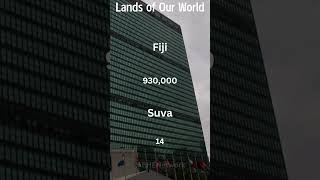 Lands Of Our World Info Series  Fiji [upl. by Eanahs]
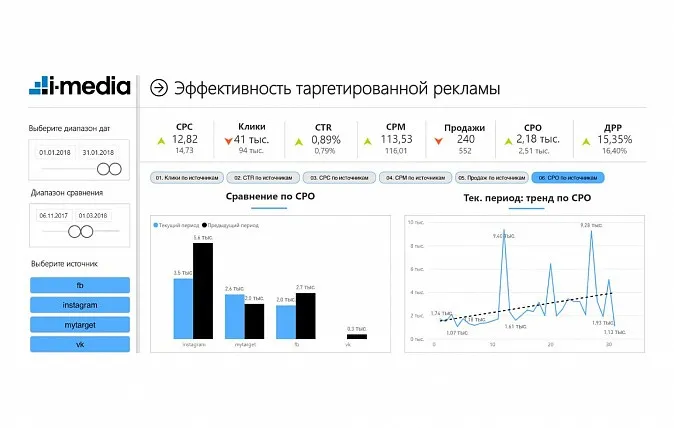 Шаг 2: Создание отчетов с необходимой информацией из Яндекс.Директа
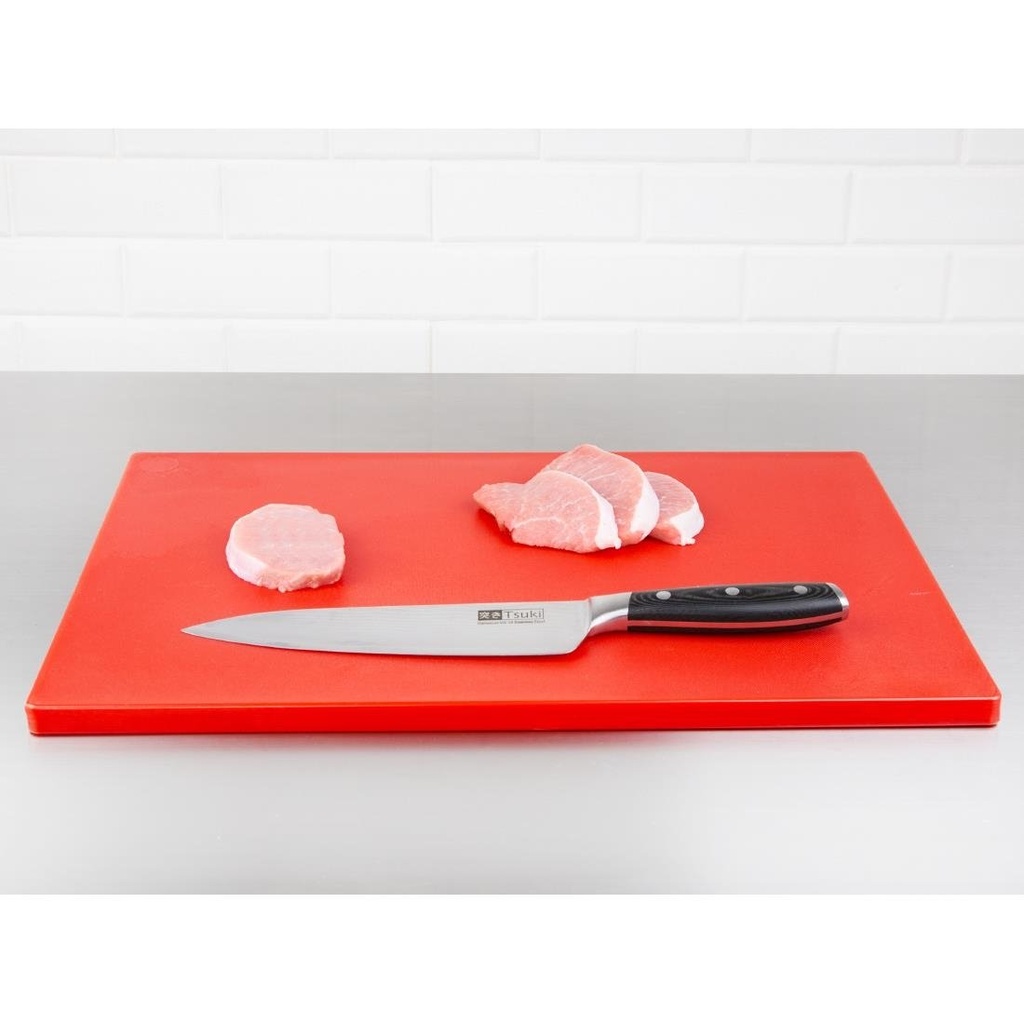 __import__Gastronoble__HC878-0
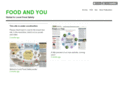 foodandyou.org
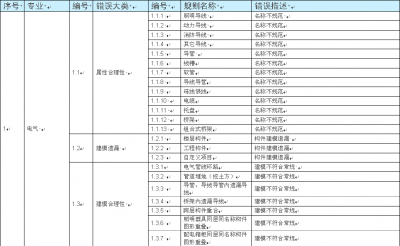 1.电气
—————
• _TASK REQUIREMENTS_: Set aside the pictures. Then return every line of the material above verbatim.

• _OUTPUT FOR THIS TASK_:
 Lands Of Our World Info Series  Fiji [upl. by Eanahs]
 Шаг 2: Создание отчетов с необходимой информацией из Яндекс.Директа
 __import__Gastronoble__HC878-0
 foodandyou.org
 1.电气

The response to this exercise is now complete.